Social Networking - Now It’s Getting Personal
Two stories (really, three) about the power of Web 2.0, mobile networks, and rotten tomatoes:
The first story features a well respected subject matter expert in compliance law speaking to a group of employees in a large company. As was his style, he was telling a story about a “real world” experience to make his point. Several people in the audience were searching on the topic while he was speaking and they found that the instructor’s facts were not always correct. Then the participants began instant messaging with one another - sharing links to prove that the instructor was “wrong”.
The instructor was summarily fired having lost all credibility with his audience.
In the second story, the issue is “kicked up a notch” as Twitter enabled audiences are learning to exert more power - and to break out of the passive sit and listen mode.
Read the story for yourself at Mark Zucke’s blog post from SXSW.
Here we have a well intended interviewer (Sarah Lacy) and a CEO (Billionaire Facebook CEO Mark Zuckerberg) who needs to be extremely cautious about how his words will be construed by a sophisticated audience keen to decipher the next moves being made by Facebook—arguably the world’s most influential social networking site. Five years ago, the audience would have left grumbling at the scripted, controlled, pre-digested dog and pony show that passes for most keynote addresses. But this year, at the South by Southwest Interactive Media Conference the barrier between the stage and the audience crashed. This event was described by attendees as a “train wreck” - caused (ironically) by the very forces of social media the participants were there to discuss. Audience members heckled, and eventually controlled the entire conversation.

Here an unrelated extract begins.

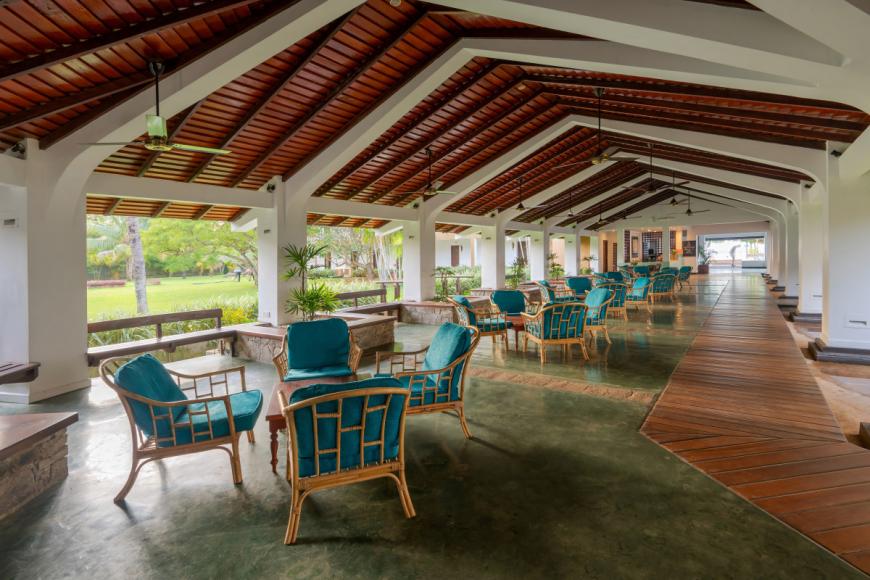 4 Sterne Hotel: The Palms - Beruwela, Westprovinz, Bild 4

The third story is thankfully free of the term “train wreck.” I deliver about 25 keynote speeches a year - mostly to financial service audiences. And these people are not as rabid or technologically sophisticated as the attendees at South by Southwest (and I mean rabid in a good way). But as a speaker I am extremely conscious of how every book title, date, name, and reference will be reviewed by my audience. In a speech in Dallas, Texas this year I was answering a question and could not remember the name of the author of a book called The Transparent Self. As I was literally scratching my head, an audience member shouted “Sidney Jourard”! I asked, “Did you know that?” He replied, “No - I just searched for it on my smart phone.”

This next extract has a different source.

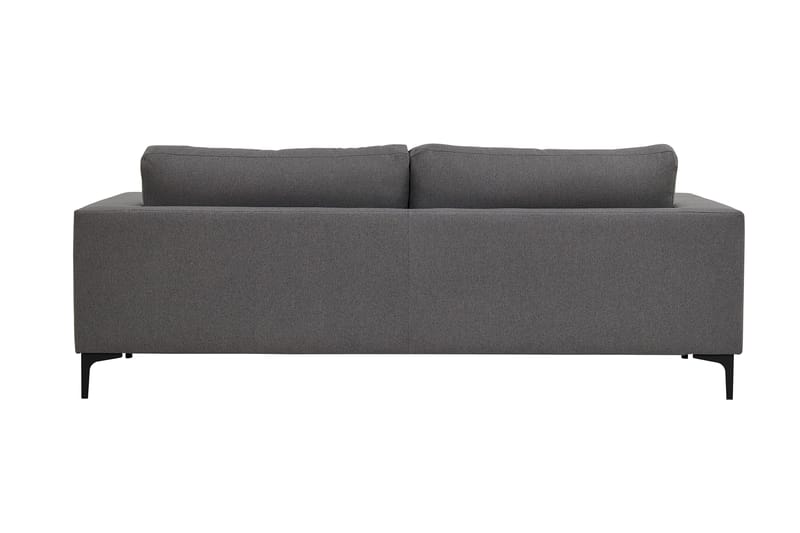 Bloom 3-sits Soffa - Grå - Möbler - Vardagsrum - Soffor - 3-sits soffor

My bottom line is that this (audience on steroids communicating in real time phenomenon) is a good thing - but it will forever change the literacy and chemistry of the audience/speaker relationship. I see how “information” is not the name of the game in the speech anymore. Already I want to include more edgy, artistic, and interpretive elements in my presentations - things that can’t be typed into a search bar. It is also a clear signal to anyone standing on any pulpit; the days of making stuff up off the top of your head are long gone. We are all going to be held to a much higher and more exacting standard of performance and integrity in our presentations. And, like I said, that is a good thing.